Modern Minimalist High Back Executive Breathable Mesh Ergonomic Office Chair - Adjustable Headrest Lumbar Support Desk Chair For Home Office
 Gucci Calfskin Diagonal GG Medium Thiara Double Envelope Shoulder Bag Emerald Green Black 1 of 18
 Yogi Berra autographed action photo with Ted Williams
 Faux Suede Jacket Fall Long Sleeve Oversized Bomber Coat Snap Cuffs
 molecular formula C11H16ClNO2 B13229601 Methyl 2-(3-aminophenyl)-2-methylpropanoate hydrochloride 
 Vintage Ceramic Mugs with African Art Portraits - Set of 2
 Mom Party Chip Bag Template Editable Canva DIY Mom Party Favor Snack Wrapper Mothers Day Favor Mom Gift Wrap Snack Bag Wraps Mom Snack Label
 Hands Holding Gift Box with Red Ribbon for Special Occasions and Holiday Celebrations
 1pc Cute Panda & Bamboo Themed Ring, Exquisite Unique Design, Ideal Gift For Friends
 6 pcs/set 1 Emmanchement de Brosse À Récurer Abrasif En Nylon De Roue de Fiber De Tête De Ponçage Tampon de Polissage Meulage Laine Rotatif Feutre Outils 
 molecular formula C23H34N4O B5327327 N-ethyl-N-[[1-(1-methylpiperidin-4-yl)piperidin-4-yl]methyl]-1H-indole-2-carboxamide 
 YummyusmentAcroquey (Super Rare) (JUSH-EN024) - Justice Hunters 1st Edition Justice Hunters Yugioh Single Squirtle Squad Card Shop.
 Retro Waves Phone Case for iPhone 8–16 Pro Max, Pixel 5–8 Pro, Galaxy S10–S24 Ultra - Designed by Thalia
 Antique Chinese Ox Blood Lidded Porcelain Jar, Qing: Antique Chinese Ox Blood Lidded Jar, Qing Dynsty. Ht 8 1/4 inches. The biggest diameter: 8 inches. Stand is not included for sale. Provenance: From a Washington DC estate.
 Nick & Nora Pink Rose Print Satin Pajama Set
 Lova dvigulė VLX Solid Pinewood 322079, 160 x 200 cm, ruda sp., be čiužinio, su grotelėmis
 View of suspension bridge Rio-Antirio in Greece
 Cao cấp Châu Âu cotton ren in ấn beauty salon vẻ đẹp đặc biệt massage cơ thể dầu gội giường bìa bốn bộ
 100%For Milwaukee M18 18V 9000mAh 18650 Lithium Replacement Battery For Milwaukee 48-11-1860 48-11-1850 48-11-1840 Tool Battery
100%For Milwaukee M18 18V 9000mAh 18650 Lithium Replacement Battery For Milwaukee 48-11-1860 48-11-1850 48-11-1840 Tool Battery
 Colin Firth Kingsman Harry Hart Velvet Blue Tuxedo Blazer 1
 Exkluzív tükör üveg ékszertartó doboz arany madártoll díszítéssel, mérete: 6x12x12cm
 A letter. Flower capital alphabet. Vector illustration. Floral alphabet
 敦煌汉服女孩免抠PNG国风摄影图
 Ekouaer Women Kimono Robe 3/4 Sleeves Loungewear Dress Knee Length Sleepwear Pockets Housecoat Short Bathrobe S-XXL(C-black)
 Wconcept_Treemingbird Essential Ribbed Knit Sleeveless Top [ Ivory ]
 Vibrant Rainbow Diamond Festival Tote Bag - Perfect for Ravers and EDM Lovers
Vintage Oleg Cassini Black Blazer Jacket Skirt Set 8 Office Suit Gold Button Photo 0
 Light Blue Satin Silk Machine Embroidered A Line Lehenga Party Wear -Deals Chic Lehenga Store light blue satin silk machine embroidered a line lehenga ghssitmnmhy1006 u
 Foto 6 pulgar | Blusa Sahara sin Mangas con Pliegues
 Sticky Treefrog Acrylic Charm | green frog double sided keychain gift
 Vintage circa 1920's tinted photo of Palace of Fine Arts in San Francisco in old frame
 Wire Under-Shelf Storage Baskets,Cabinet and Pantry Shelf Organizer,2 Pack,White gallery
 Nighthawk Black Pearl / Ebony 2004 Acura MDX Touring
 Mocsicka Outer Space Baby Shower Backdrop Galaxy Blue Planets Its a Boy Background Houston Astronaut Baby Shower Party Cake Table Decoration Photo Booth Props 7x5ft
##########
-- Task prompt --
Everything in the listing must be written out again without any change.

-- Finished task --
Modern Minimalist High Back Executive Breathable Mesh Ergonomic Office Chair - Adjustable Headrest Lumbar Support Desk Chair For Home Office
 Gucci Calfskin Diagonal GG Medium Thiara Double Envelope Shoulder Bag Emerald Green Black 1 of 18
 Yogi Berra autographed action photo with Ted Williams
 Faux Suede Jacket Fall Long Sleeve Oversized Bomber Coat Snap Cuffs
 molecular formula C11H16ClNO2 B13229601 Methyl 2-(3-aminophenyl)-2-methylpropanoate hydrochloride 
 Vintage Ceramic Mugs with African Art Portraits - Set of 2
 Mom Party Chip Bag Template Editable Canva DIY Mom Party Favor Snack Wrapper Mothers Day Favor Mom Gift Wrap Snack Bag Wraps Mom Snack Label
 Hands Holding Gift Box with Red Ribbon for Special Occasions and Holiday Celebrations
 1pc Cute Panda & Bamboo Themed Ring, Exquisite Unique Design, Ideal Gift For Friends
 6 pcs/set 1 Emmanchement de Brosse À Récurer Abrasif En Nylon De Roue de Fiber De Tête De Ponçage Tampon de Polissage Meulage Laine Rotatif Feutre Outils 
 molecular formula C23H34N4O B5327327 N-ethyl-N-[[1-(1-methylpiperidin-4-yl)piperidin-4-yl]methyl]-1H-indole-2-carboxamide 
 YummyusmentAcroquey (Super Rare) (JUSH-EN024) - Justice Hunters 1st Edition Justice Hunters Yugioh Single Squirtle Squad Card Shop.
 Retro Waves Phone Case for iPhone 8–16 Pro Max, Pixel 5–8 Pro, Galaxy S10–S24 Ultra - Designed by Thalia
 Antique Chinese Ox Blood Lidded Porcelain Jar, Qing: Antique Chinese Ox Blood Lidded Jar, Qing Dynsty. Ht 8 1/4 inches. The biggest diameter: 8 inches. Stand is not included for sale. Provenance: From a Washington DC estate.
 Nick & Nora Pink Rose Print Satin Pajama Set
 Lova dvigulė VLX Solid Pinewood 322079, 160 x 200 cm, ruda sp., be čiužinio, su grotelėmis
 View of suspension bridge Rio-Antirio in Greece
 Cao cấp Châu Âu cotton ren in ấn beauty salon vẻ đẹp đặc biệt massage cơ thể dầu gội giường bìa bốn bộ
 100%For Milwaukee M18 18V 9000mAh 18650 Lithium Replacement Battery For Milwaukee 48-11-1860 48-11-1850 48-11-1840 Tool Battery
100%For Milwaukee M18 18V 9000mAh 18650 Lithium Replacement Battery For Milwaukee 48-11-1860 48-11-1850 48-11-1840 Tool Battery
 Colin Firth Kingsman Harry Hart Velvet Blue Tuxedo Blazer 1
 Exkluzív tükör üveg ékszertartó doboz arany madártoll díszítéssel, mérete: 6x12x12cm
 A letter. Flower capital alphabet. Vector illustration. Floral alphabet
 敦煌汉服女孩免抠PNG国风摄影图
 Ekouaer Women Kimono Robe 3/4 Sleeves Loungewear Dress Knee Length Sleepwear Pockets Housecoat Short Bathrobe S-XXL(C-black)
 Wconcept_Treemingbird Essential Ribbed Knit Sleeveless Top [ Ivory ]
 Vibrant Rainbow Diamond Festival Tote Bag - Perfect for Ravers and EDM Lovers
Vintage Oleg Cassini Black Blazer Jacket Skirt Set 8 Office Suit Gold Button Photo 0
 Light Blue Satin Silk Machine Embroidered A Line Lehenga Party Wear -Deals Chic Lehenga Store light blue satin silk machine embroidered a line lehenga ghssitmnmhy1006 u
 Foto 6 pulgar | Blusa Sahara sin Mangas con Pliegues
 Sticky Treefrog Acrylic Charm | green frog double sided keychain gift
 Vintage circa 1920's tinted photo of Palace of Fine Arts in San Francisco in old frame
 Wire Under-Shelf Storage Baskets,Cabinet and Pantry Shelf Organizer,2 Pack,White gallery
 Nighthawk Black Pearl / Ebony 2004 Acura MDX Touring
 Mocsicka Outer Space Baby Shower Backdrop Galaxy Blue Planets Its a Boy Background Houston Astronaut Baby Shower Party Cake Table Decoration Photo Booth Props 7x5ft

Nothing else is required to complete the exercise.